#### DATA FOR REVIEW ####

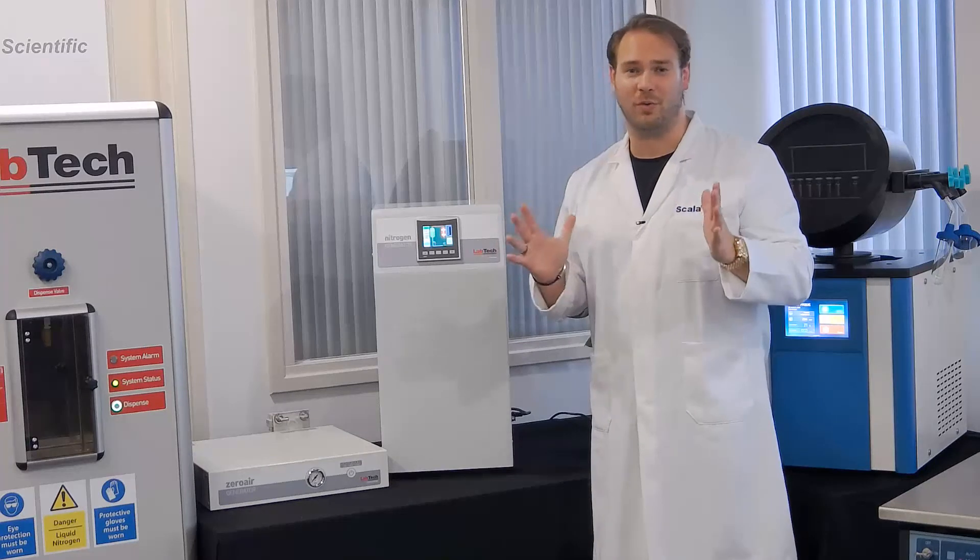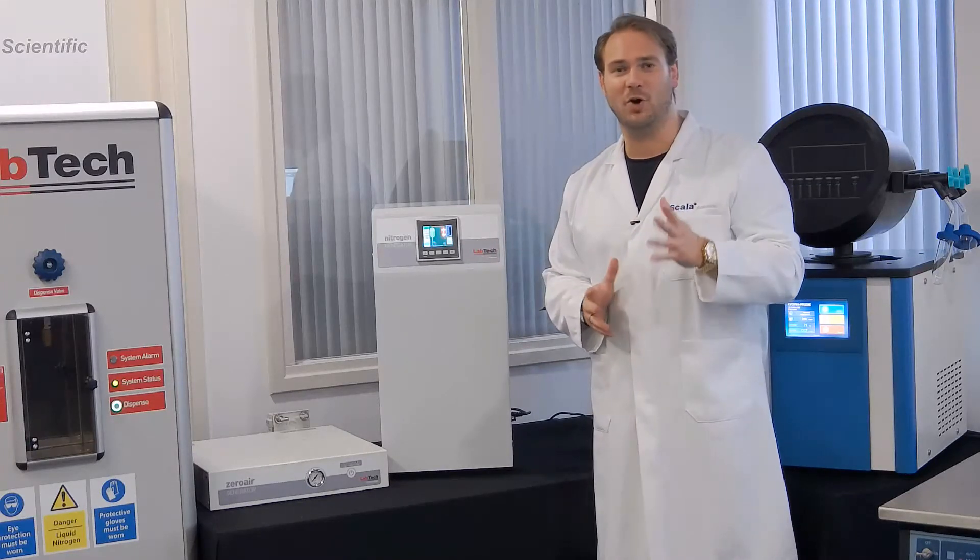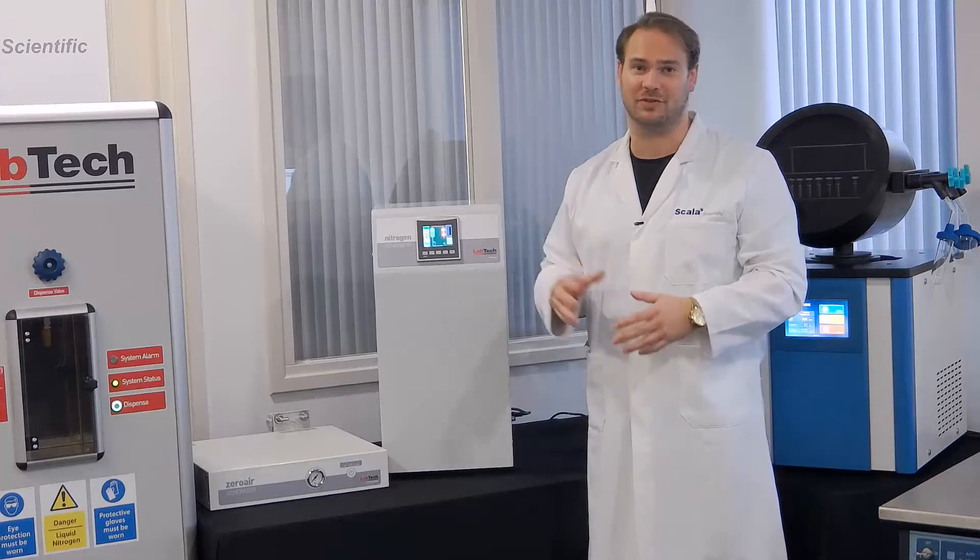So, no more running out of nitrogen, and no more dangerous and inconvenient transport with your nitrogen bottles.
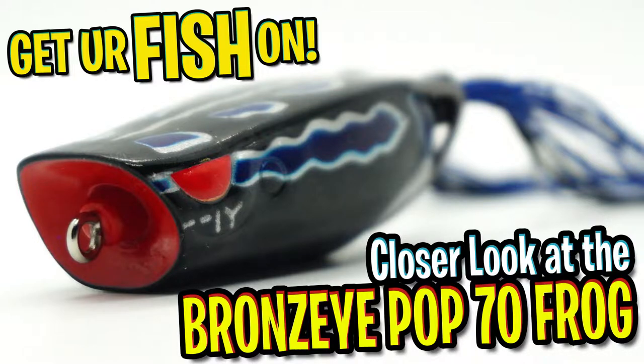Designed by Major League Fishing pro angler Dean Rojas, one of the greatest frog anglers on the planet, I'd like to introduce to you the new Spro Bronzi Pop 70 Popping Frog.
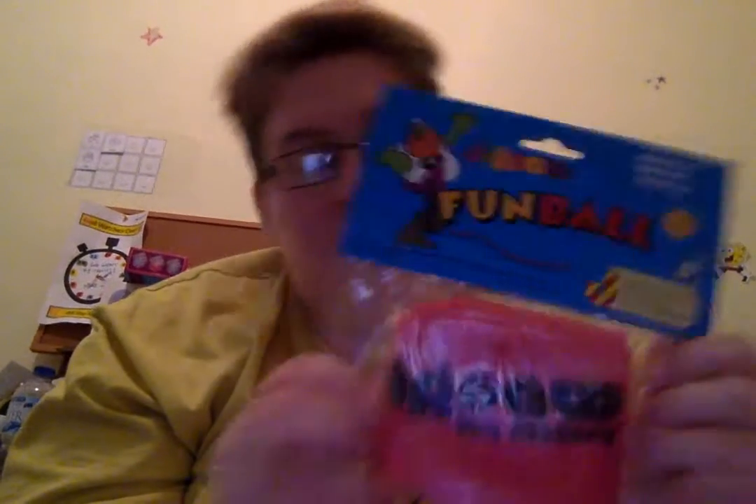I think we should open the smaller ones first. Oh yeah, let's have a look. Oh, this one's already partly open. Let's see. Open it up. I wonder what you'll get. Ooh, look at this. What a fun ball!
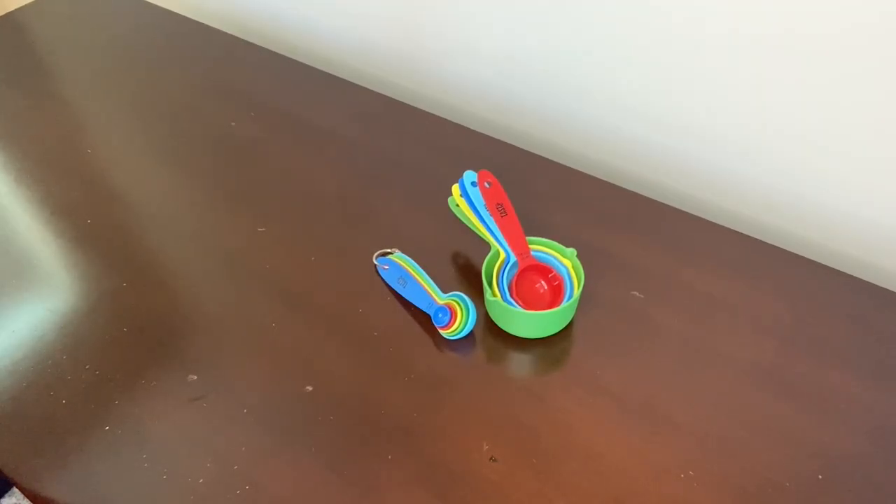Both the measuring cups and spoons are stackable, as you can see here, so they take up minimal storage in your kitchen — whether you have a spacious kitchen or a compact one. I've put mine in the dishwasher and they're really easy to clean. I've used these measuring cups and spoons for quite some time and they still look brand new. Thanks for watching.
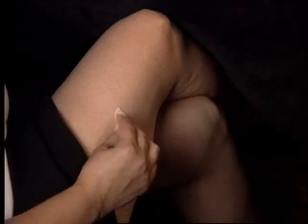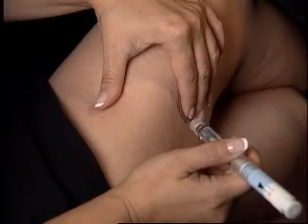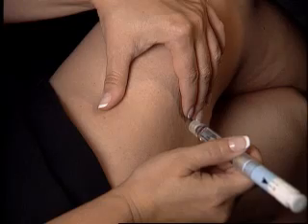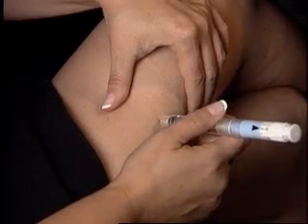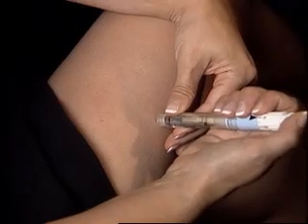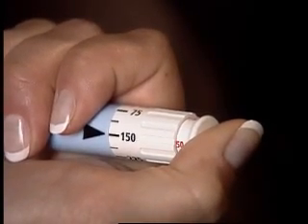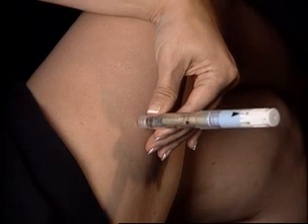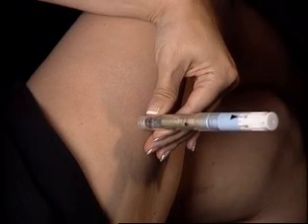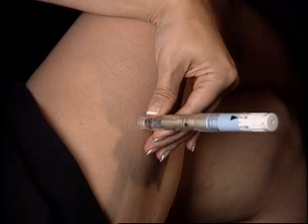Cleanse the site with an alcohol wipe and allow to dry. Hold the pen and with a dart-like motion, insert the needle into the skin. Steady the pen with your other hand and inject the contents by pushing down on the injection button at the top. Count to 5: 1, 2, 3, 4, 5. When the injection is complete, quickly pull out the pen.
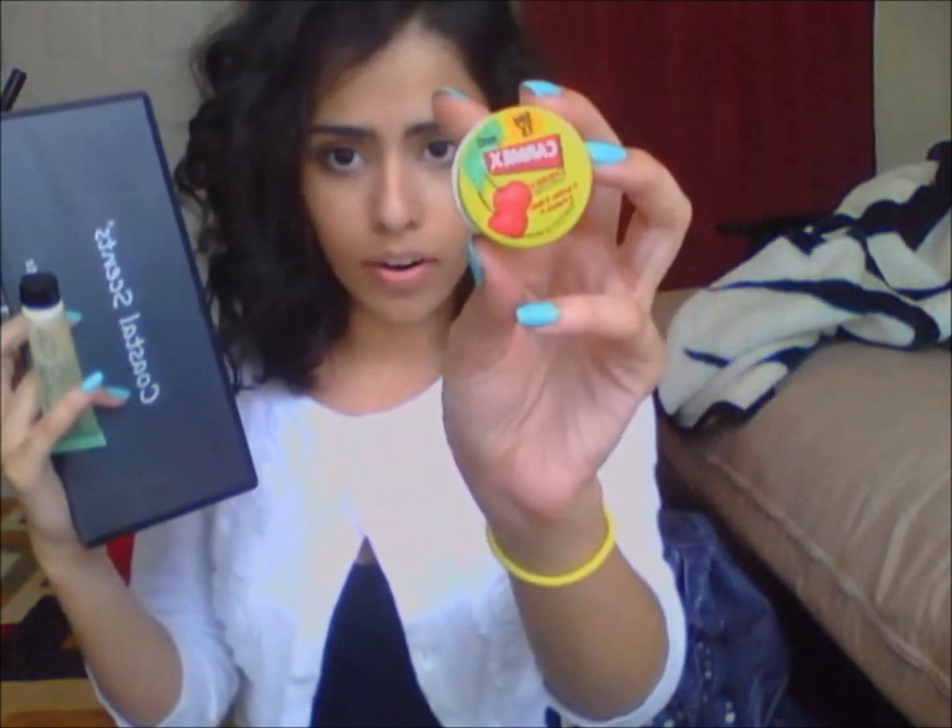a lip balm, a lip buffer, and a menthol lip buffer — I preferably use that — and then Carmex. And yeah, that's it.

####

● **ASSIGNED TASK**
Every line from the top of the entries through the line that holds "I think we should" is to be quoted exactly, please, and nothing else; omit the pictures.

● **RESULT OF THIS EXERCISE**
So, no more running out of nitrogen, and no more dangerous and inconvenient transport with your nitrogen bottles.
Designed by Major League Fishing pro angler Dean Rojas, one of the greatest frog anglers on the planet, I'd like to introduce to you the new Spro Bronzi Pop 70 Popping Frog.
I think we should open the smaller ones first. Oh yeah, let's have a look. Oh, this one's already partly open. Let's see. Open it up. I wonder what you'll get. Ooh, look at this. What a fun ball!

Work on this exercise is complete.